The controversy comes from what appears to be Lanzmann’s hidden agenda. Through shrewd questioning, he alludes to his belief that the Poles themselves were somehow responsible for being nearly annihilated by the Nazis. He asks one witness, who lived in the town of Treblinka, if Poles who weren’t Jewish were afraid of the Jews because of what the Nazis were doing. The witness says, “Let me put it this way. When you cut your finger, does it hurt me?” Polish Holocaust survivors objected to the way Lanzmann went about making his film. They were particularly aghast at how he seemingly ignored the people in Poland who rescued Jews or fought the Nazis. He even admitted later that his specific intent was to indict the Poles as anti-Semitic co-conspirators, which probably explains his complete lack of portrayal of the massacres and other deaths of non-Jewish Poles. Lanzmann also leaves out Russian atrocities against the Polish people, such as the Katyn and Minsk massacres.
White Eagle in Borrowed Skies
Gerald Kochan’s documentary “White Eagle in Borrowed Skies” portrays the history of the Polish Air Force during World War II. When Germany invaded Poland in September, 1939, Poland fell in less than a month. Poland’s obsolete planes and outnumbered fliers were no match for the German onslaught. Two weeks into the invasion, Russia broke through Poland’s eastern defenses, and, after the Polish surrender on September 27, 1939, Germany and Russia divided Poland along the Bug River. As pointed out in the film, despite the hopeless odds, the Luftwaffe lost more aircraft in the Polish campaign than against the combined French and British Air Forces in the French campaign.

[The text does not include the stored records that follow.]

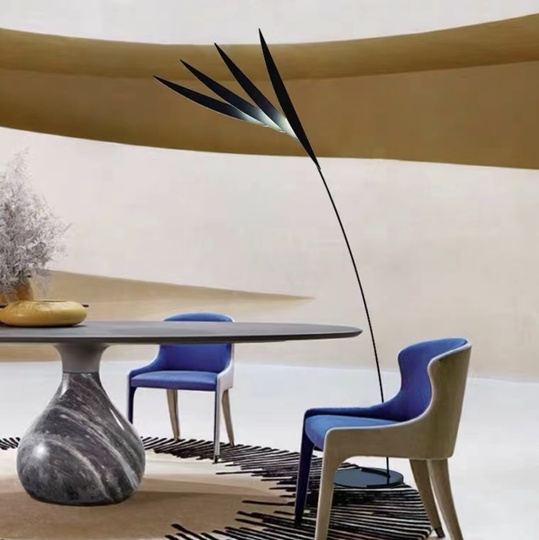 Напольный светильник ветки черный Flou floor, LED, 10 Вт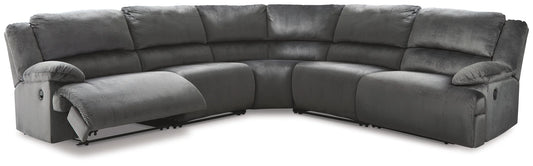 Clonmel - Charcoal - 5-Piece Power Reclining Sectional
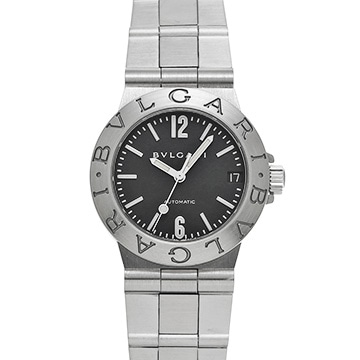 ブルガリ ディアゴノ スポーツ デイト LCV29S ブラック レディース 時計 【中古】【wristwatch】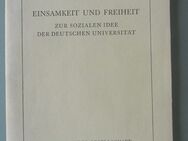 H. Schelsky: Einsamkeit u. Freiheit. Zur sozialen Idee d. dt. Universität (1960) - Münster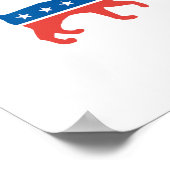 Harris 2024 Democratal Cat - Vote For Kamala W 選 ポスター (角)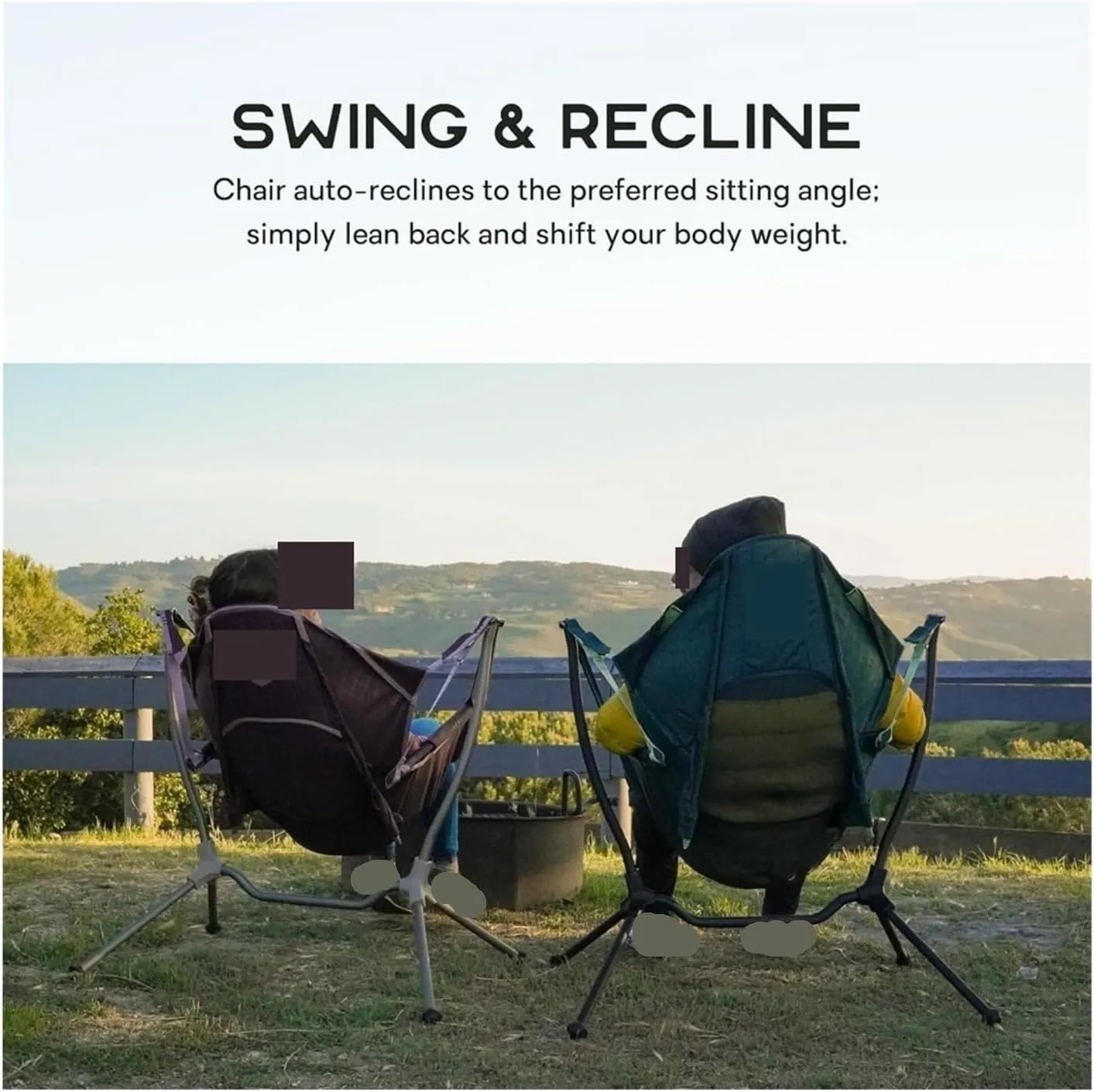Outdoor Folding Chair Breathable Mesh Moon Chair, Breathable Folding Chair, Fishing, Camping, Leisure Backpack Chair(Blue)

Realizing that Poland’s defense was hopeless, the Polish High Command told its Air Force personnel to continue the fight in exile. Poland itself was powerless to stop the invasion or the resulting slaughter over the next six years. But if the pilots could successfully find themselves bases in countries abroad to reconstitute, allies for which they could fight, Poland might have the last laugh.
They fought the Luftwaffe over Britain, North Africa, and Russia and one ace even tangled with Japanese Zekes and Georges in the Far East. They accounted for 203 aerial victories over German fighters during the Battle of Britain and thus were instrumental in the eventual victory of the Allies.